Русская пытка. Политический сыск в России XVIII века - anisimov_8.jpg

Светская власть не считалась со священным статусом монастырей и относилась к ним как к тюрьмам, ссылая туда преступников, часто больных и искалеченных пытками. Подобное пренебрежение к иночеству вызывало протест терпеливых ко многим унижениям членов Синода, которые жаловались, что от этого «монашескому чину напрасная тщета происходит».

Но и сами священники становились жертвами политического сыска: их арестовывали, пытали, казнили, как и любого из подданных государя. Монашество, ряса, клобук, епископский посох, преклонные года и общепризнанная святость не спасали даже высших церковных иерархов от дыбы и тюрьмы.

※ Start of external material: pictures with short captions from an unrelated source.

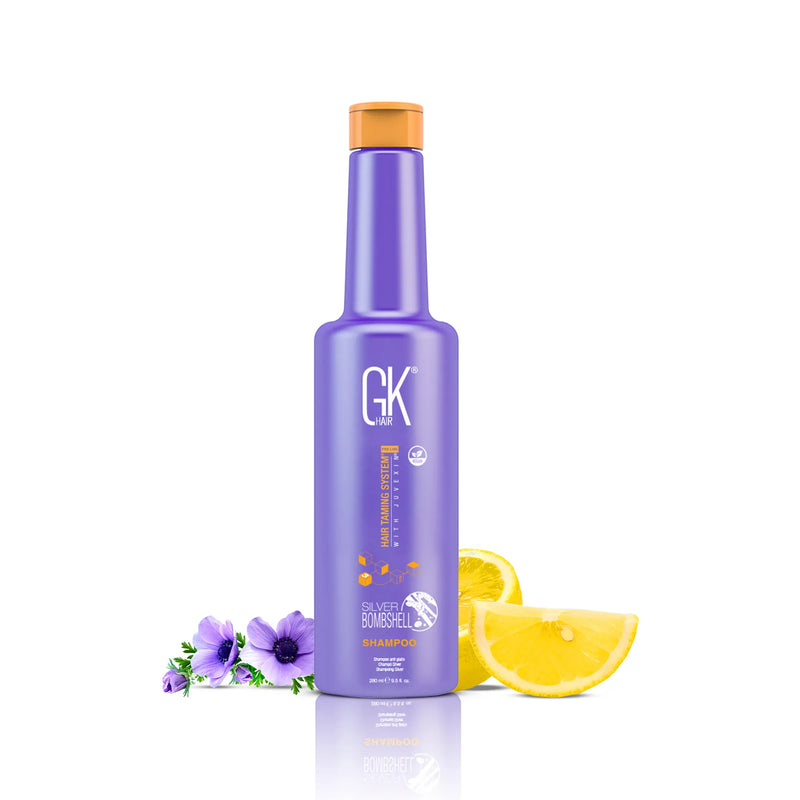 GK Hair Silver Bombshell Shampoo Pro, 280 ml purple flip-top bottle beside purple anemones and lemon slices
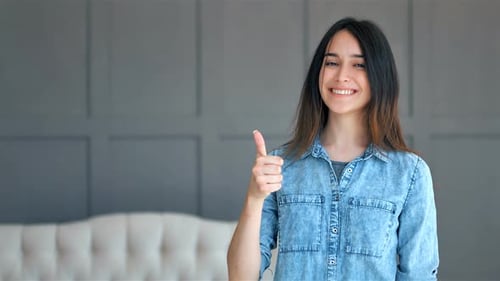 Young Woman Gives Thumbs Up and Smiles
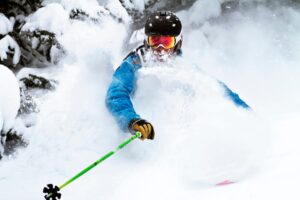 man skiing powder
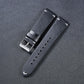 Leather watch strap in dark gray with metal buckle and row of adjustment holes
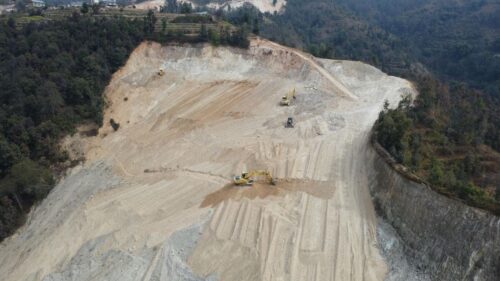 Aerial view of a large construction site on a hillside, with multiple excavators evenly spaced across the cleared earth. Terraced sections and forested areas are visible in the background. The sky is overcast, suggesting a subdued atmosphere. Photo by Raju Shrestha: https://www.pexels.com/photo/construction-work-in-progress-20434886/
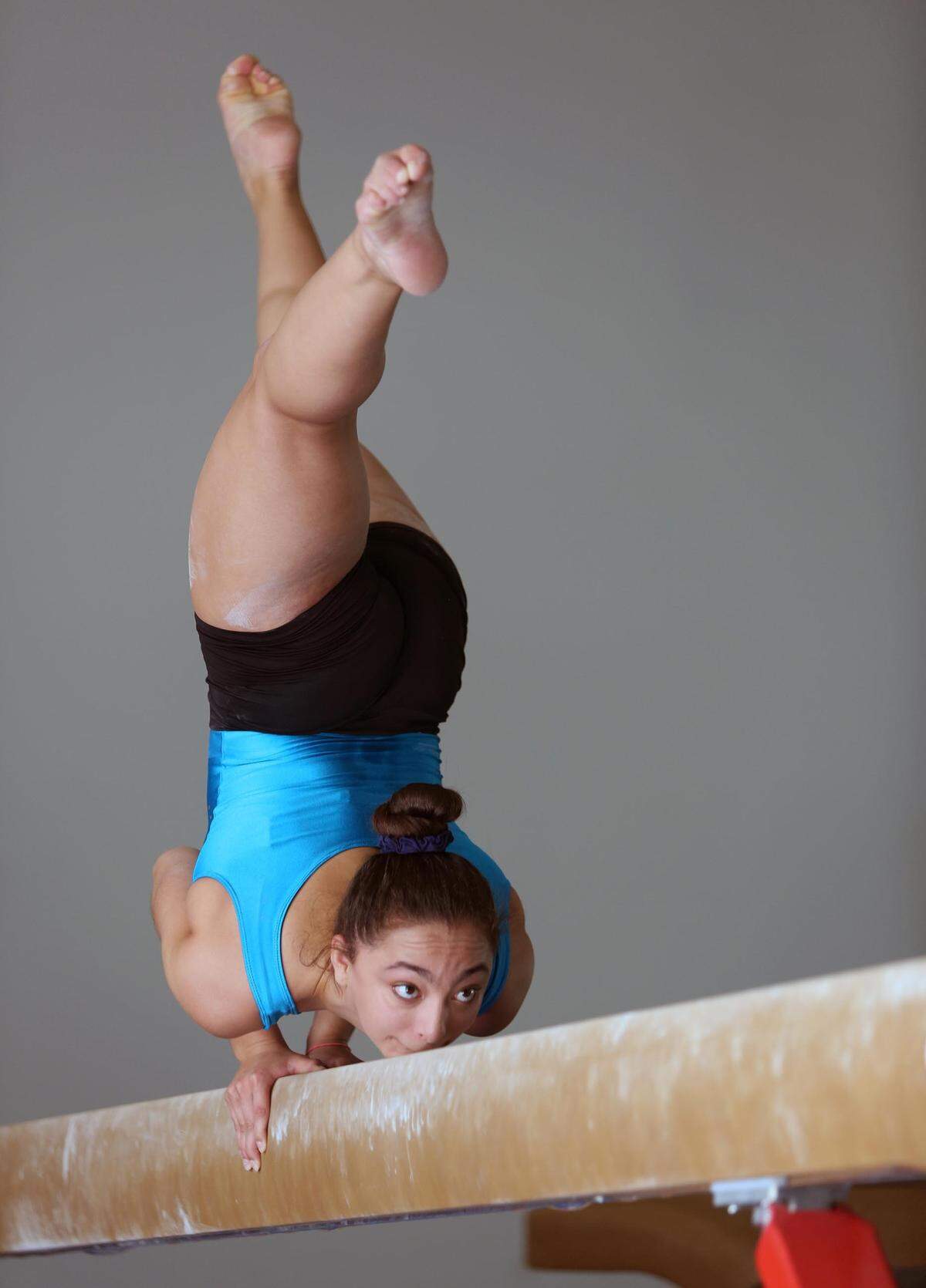 Bianca Leon, who in July won a gold medal representing Puerto Rico in the Central American and Caribbean Games, practices at Leyva Gymnastics in Kendall on Wednesday, Aug. 15, 2018.  Her specialty is the balance beam.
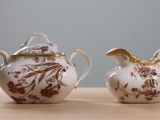 two small vases sitting on a table next to each other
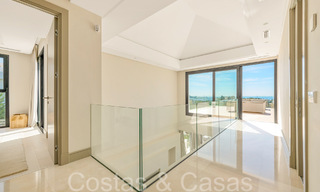 Moderne luxevilla met fantastisch uitzicht over de golfbaan naar zee, te koop in Marbella - Benahavis 70487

В 1763 году Екатерина II, возмущенная просьбами о прощении архиепископа Ростовского Арсения Мациевича, вставшего на защиту церковной собственности, с раздражением писала А. П. Бестужеву-Рюмину, который просил государыню снизойти к сединам и сану Арсения: «Не знаю, какую я б причину подала сумневаться о моем милосердии и человеколюбии. Прежде сего и без всякой церемонии и формы не по столь еще важным делам преосвященным головы секали…» В этом выражена позиция самодержавия в отношении церкви и ее деятелей, с которыми расправлялись так же, как с прочими государевыми рабами.